In addition, businesses are advised to “check your website and business stationery, advertising materials, personal and business checks, contact information, and other such items to ensure the area code is included.”
What will remain the same?
According to T-Mobile’s advisory (and advisories from other carriers)
Your telephone number, including current area code, will not change.
The price of a call, coverage area, or other rates and services will not change due to the dialing change.
What is a local call now will remain a local call regardless of the number of digits dialed.
You will continue to dial 1+ area code + telephone number for all long distance calls.
You can still dial just three digits to reach 711 (relay services) and 911 (emergency services).
Any 211, 311, 411, 511, 611, or 811 services available in your community can still be reached by dialing their three-digit codes.

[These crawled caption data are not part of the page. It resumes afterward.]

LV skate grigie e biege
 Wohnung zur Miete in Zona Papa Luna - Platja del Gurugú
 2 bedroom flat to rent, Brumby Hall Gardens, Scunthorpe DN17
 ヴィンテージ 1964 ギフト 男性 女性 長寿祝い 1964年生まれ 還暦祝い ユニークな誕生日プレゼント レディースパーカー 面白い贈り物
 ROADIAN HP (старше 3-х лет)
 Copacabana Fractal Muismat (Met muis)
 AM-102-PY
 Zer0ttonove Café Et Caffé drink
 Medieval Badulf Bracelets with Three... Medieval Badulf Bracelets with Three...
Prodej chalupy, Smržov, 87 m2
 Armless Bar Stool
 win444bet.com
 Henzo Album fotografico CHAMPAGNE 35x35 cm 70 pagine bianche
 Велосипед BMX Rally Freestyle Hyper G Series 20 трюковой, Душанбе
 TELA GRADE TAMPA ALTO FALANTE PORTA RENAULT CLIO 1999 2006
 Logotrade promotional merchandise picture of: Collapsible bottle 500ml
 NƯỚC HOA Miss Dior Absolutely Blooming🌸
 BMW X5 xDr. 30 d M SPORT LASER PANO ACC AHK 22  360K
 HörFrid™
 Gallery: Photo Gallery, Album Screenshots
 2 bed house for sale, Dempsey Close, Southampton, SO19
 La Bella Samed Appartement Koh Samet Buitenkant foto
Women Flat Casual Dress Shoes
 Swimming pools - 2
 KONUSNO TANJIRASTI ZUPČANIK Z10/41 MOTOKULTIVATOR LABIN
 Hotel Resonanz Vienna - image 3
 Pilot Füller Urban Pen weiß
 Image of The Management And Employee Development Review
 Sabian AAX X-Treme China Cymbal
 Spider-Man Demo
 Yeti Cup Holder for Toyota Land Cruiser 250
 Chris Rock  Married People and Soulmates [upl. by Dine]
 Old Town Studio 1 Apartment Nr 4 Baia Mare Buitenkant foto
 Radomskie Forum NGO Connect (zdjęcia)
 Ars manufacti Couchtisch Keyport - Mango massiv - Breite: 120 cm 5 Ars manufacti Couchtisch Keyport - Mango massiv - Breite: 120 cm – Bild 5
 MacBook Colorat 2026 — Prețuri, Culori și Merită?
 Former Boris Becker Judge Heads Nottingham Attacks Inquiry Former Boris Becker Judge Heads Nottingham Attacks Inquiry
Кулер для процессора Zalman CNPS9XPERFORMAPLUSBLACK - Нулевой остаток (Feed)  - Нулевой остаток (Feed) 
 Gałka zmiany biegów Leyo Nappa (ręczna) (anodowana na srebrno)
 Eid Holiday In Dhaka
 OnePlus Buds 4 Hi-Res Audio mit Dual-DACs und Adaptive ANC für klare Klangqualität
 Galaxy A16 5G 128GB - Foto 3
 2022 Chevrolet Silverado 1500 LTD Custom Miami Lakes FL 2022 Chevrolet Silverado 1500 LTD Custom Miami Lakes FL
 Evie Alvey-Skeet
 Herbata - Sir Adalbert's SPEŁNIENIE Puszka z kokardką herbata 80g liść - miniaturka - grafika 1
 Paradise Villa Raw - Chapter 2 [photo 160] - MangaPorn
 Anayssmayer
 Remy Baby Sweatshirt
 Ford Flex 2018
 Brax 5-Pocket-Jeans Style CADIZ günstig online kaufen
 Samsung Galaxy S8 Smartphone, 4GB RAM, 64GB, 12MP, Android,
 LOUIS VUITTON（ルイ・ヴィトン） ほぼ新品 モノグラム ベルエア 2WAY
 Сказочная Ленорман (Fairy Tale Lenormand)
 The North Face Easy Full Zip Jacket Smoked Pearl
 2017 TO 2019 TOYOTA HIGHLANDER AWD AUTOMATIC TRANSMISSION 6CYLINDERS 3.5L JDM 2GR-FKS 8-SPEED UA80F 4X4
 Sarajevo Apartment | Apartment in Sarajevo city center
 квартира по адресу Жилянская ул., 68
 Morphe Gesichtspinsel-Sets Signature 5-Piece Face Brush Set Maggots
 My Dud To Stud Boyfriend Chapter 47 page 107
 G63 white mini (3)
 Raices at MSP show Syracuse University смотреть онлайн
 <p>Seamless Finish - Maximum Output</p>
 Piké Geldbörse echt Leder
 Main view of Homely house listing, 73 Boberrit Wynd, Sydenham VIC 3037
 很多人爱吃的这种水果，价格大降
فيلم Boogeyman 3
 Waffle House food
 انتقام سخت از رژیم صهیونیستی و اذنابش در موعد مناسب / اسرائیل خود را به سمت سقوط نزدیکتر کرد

The National Suicide Prevention Lifeline can still be reached by dialing 1-800-273-TALK (8255)
I already have to do this
In some parts of the country, particularly highly urbanized areas where more than one area code serves the same geographic area, 10-digit dialing has been in place for several years.
But it was for a different reason.
To address the proliferation of cell phones and the need to provide additional service for a growing number of customers (and where phone numbers were becoming exhausted), new area codes were established within the same geographic area.
In the parlance of the industry, this is called an “area code overlay.”
This allowed current customers to keep their area code and telephone number, and for providers to issue new ones (in some cases using the same seven digits as issued to someone else), but with a new area code.
But because of this, all calls in those areas had to be dialed with 10 digits (the area code + the seven-digit telephone number) in order to keep calls from being misrouted.
As it is common for people to move from one part of the country and to keep their current cell phones, those who have moved from places where there was an area code overlay have become quite accustomed to it.